_What is required_: Using the data beneath this instruction, retype only the lines from the one that contains "RCカー用ショックアブソーバー Compatible With" down to the one that contains "Play Panda ABC", both included, exactly as they appear.

_Provided data_:
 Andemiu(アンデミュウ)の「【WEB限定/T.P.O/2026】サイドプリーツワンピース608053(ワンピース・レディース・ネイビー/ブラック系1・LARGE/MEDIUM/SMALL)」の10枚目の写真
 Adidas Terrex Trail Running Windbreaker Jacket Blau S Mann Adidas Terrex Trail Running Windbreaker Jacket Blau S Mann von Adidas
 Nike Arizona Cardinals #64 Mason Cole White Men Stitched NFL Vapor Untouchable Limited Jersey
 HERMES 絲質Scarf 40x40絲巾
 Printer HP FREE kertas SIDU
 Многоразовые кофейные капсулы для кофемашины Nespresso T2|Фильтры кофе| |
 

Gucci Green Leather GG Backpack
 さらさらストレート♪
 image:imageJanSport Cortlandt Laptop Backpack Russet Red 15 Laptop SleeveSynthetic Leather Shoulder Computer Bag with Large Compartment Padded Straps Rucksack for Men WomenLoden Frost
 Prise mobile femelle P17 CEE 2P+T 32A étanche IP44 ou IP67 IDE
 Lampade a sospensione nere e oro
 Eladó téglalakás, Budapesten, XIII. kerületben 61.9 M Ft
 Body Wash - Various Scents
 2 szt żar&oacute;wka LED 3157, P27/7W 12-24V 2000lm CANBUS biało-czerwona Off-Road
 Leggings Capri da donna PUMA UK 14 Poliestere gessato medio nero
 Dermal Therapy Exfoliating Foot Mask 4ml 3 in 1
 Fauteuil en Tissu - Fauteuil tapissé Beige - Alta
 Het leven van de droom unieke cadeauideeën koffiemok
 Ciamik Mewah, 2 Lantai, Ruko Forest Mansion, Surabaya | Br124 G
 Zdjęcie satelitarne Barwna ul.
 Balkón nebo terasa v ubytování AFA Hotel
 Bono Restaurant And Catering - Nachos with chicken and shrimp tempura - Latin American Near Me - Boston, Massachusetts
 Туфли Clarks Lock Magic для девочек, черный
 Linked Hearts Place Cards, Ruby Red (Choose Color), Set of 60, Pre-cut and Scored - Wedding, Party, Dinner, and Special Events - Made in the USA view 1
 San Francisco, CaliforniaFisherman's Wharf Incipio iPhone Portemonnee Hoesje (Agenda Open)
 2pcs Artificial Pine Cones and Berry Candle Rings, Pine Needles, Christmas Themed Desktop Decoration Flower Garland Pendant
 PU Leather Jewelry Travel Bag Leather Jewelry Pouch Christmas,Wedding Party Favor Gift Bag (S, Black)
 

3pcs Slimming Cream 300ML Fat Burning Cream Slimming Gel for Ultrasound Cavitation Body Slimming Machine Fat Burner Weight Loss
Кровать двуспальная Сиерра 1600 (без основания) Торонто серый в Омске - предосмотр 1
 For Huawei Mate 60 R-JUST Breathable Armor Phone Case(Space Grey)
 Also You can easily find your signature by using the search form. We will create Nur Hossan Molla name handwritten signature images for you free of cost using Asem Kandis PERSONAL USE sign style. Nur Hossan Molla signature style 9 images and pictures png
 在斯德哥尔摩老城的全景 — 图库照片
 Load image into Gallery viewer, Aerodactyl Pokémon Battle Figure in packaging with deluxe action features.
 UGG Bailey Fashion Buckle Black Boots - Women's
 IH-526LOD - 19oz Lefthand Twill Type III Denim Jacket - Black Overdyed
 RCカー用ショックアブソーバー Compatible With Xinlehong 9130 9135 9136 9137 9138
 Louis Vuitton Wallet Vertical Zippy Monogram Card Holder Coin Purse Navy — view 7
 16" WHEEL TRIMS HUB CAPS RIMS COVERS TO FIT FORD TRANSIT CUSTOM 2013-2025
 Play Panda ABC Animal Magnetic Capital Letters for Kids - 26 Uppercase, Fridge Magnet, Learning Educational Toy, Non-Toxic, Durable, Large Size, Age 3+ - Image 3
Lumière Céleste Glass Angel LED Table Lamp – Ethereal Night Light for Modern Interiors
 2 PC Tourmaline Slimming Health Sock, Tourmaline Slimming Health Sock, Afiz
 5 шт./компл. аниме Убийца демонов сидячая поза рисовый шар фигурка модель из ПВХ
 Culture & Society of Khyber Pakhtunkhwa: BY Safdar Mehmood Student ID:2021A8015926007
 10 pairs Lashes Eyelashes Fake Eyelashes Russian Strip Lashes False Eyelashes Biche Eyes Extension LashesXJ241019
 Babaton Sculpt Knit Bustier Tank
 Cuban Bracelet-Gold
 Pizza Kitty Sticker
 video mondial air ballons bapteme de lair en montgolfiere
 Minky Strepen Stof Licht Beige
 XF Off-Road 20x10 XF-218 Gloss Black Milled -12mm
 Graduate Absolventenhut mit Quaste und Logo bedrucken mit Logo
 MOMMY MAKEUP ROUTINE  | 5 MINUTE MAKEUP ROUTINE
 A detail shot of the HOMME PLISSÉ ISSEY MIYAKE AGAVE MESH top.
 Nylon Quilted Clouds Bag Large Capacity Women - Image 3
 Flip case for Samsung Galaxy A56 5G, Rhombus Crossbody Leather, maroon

_Task response_:
 RCカー用ショックアブソーバー Compatible With Xinlehong 9130 9135 9136 9137 9138
 Louis Vuitton Wallet Vertical Zippy Monogram Card Holder Coin Purse Navy — view 7
 16" WHEEL TRIMS HUB CAPS RIMS COVERS TO FIT FORD TRANSIT CUSTOM 2013-2025
 Play Panda ABC Animal Magnetic Capital Letters for Kids - 26 Uppercase, Fridge Magnet, Learning Educational Toy, Non-Toxic, Durable, Large Size, Age 3+ - Image 3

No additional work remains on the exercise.